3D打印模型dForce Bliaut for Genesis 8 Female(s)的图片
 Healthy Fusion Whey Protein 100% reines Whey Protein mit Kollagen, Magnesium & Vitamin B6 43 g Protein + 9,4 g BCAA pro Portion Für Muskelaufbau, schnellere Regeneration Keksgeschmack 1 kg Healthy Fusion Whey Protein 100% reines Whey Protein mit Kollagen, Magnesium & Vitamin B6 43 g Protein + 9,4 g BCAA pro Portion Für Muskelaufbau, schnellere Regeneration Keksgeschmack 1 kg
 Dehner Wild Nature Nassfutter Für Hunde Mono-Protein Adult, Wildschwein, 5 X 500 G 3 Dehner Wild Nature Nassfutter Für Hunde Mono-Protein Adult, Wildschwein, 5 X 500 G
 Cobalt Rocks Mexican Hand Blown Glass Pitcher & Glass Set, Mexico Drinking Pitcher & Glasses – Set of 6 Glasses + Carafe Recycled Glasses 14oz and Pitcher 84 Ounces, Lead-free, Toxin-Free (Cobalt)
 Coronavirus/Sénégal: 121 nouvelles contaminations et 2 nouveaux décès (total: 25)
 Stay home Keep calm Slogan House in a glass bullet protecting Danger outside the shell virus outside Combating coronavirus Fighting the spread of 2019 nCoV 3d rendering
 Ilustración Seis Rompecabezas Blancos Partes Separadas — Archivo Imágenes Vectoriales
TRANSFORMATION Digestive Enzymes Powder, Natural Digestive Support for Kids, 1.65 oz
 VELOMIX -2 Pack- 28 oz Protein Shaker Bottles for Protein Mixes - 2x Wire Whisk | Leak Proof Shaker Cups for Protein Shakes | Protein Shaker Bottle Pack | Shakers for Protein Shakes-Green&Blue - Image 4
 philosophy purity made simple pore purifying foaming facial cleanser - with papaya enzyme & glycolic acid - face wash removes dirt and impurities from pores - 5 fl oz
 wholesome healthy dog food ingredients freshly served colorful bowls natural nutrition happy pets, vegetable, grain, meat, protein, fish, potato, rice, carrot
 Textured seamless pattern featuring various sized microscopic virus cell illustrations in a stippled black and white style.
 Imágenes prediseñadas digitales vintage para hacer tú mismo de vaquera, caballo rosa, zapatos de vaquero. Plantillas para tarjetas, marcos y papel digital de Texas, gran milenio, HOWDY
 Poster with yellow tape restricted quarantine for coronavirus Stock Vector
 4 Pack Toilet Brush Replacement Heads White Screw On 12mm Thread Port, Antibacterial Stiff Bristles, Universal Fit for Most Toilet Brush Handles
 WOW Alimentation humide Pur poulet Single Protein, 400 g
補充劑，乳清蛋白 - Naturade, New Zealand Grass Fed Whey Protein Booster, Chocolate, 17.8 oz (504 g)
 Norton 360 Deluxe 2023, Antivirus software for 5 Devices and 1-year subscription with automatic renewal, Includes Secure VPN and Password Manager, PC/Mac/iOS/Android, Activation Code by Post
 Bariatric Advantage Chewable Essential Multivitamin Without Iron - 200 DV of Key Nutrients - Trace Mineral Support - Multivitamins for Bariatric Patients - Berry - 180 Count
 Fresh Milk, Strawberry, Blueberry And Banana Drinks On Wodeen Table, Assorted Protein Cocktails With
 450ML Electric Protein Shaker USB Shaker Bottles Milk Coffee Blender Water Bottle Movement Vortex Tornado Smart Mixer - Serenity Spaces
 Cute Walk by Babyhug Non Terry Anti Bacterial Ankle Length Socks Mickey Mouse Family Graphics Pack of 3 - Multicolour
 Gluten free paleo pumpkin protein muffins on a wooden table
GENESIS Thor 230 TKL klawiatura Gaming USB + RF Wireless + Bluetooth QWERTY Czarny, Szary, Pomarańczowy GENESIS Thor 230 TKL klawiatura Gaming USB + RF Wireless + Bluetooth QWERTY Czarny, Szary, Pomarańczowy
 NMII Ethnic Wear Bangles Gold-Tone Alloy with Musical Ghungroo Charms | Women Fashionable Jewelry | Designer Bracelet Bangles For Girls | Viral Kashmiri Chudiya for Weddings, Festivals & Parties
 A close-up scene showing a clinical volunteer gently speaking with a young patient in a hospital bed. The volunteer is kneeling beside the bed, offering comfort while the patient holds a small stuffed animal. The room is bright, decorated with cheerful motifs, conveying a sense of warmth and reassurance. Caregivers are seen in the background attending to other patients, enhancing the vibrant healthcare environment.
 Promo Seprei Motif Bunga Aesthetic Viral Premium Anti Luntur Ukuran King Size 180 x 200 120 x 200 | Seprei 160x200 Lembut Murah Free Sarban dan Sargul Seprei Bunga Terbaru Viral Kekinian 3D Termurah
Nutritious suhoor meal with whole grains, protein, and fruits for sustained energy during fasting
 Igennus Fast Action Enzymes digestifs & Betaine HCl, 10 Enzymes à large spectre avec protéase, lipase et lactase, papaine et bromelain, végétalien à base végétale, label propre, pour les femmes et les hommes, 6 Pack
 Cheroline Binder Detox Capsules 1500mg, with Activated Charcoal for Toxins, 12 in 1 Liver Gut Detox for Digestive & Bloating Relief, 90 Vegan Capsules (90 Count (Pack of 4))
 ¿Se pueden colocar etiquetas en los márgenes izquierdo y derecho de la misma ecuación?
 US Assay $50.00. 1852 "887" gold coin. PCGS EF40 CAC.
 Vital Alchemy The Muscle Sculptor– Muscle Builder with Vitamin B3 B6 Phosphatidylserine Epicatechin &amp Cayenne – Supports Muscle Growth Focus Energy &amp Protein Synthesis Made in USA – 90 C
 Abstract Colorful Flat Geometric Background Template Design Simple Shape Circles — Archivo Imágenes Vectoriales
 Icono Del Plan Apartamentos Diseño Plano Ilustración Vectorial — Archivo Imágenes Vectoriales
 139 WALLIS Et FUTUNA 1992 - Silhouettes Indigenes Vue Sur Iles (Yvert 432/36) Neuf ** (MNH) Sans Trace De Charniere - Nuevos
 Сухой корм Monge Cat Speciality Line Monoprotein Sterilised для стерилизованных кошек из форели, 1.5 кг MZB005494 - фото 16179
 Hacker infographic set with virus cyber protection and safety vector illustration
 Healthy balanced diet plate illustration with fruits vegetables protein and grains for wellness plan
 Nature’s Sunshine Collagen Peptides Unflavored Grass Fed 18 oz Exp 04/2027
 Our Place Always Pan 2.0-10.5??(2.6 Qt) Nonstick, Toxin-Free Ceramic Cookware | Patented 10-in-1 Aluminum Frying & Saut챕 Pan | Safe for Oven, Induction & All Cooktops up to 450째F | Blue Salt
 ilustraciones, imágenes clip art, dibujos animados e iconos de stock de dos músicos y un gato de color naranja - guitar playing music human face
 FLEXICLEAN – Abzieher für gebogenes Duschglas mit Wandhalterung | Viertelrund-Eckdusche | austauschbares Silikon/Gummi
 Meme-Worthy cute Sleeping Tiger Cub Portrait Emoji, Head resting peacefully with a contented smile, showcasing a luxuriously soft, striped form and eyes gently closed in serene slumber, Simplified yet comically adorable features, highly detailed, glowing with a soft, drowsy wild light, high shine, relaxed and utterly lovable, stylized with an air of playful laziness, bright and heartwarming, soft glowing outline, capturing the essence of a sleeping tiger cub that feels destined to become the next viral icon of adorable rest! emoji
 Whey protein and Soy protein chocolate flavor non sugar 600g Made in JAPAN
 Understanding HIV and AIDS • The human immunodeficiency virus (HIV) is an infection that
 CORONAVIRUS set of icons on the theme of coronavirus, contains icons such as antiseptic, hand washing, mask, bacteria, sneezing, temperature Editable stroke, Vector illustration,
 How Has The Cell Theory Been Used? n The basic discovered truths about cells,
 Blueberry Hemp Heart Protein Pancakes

==================================================

Reproduce every line of the material above that has the string "Ilustración".

 Ilustración Seis Rompecabezas Blancos Partes Separadas — Archivo Imágenes Vectoriales
 Icono Del Plan Apartamentos Diseño Plano Ilustración Vectorial — Archivo Imágenes Vectoriales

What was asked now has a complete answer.